FIG. 1 is a block diagram of an embodiment of the present invention, and FIGS. 2 and 3 are optical diagrams of a ferroelectric liquid crystal panel. te sex diagram, figure 4 is matori,
FIG. 5 is a block diagram of a conventional ferroelectric liquid crystal panel, and FIGS. 6 and 7 are schematic diagrams of stable states of the ferroelectric liquid crystal. 3...Signal electrode, 4...Scanning electrode, 5
... Scanning measurement drive circuit, 6 ... Shinto side drive circuit, 8 ... Timing, voltage control circuit, 9 ... Switch 10 ...・Battery, 11...Timer, I2...Flag memory, 13...Temperature sensor Name of agent Patent attorney Shigetaka Awano 1 person Bad figure 13 - Digestion Zensar diagram diagram diagram diagram diagram 56--Saihyakuten diagram diagram (αp (b) 60--R6 欁chi

Claims (8)

[Claims] (1) A ferroelectric liquid crystal is sandwiched between substrates having electrodes on opposing surfaces, and means is provided for applying a predetermined voltage to the ferroelectric liquid crystal via the electrodes, and the device is not used by the means.
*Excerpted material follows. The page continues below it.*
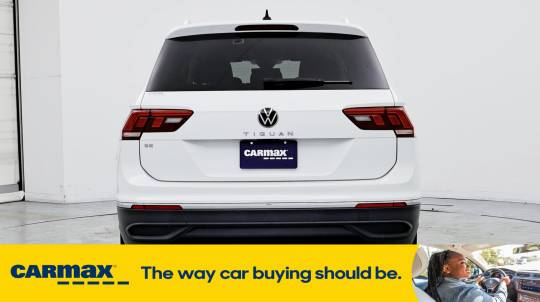 2022 Volkswagen Tiguan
A liquid crystal light valve characterized in that the state of the liquid crystal is alternately switched at predetermined time intervals. (2) A storage battery and a timer or counter are provided, and the timer or counter measures the predetermined time, and when the device is not in use, power is supplied from the storage battery to the voltage application means only when changing the state of the liquid crystal. The liquid crystal light valve according to claim 1, characterized in that: (3) Claim (1) characterized in that the state of the liquid crystal when the device is not in use is a memory state in which the directions of liquid crystal molecules are almost uniformly aligned, and all pixels are brought into the same state.
) LCD light bulb as described. (4) The liquid crystal light valve according to claim (2), wherein the electrodes on the opposing surfaces form pixels in a matrix. (5) The liquid crystal light valve according to claim (1), wherein the predetermined time is 1000 hours or less. (6) The liquid crystal light valve according to claim (1), wherein the predetermined time is 300 hours or less. (7) A printing device comprising the liquid crystal light valve according to claim (1), and comprising means for converting an image on the liquid crystal light valve into a latent image on paper or a resin film. (8) An optical logic operator comprising the liquid crystal light valve according to claim (1).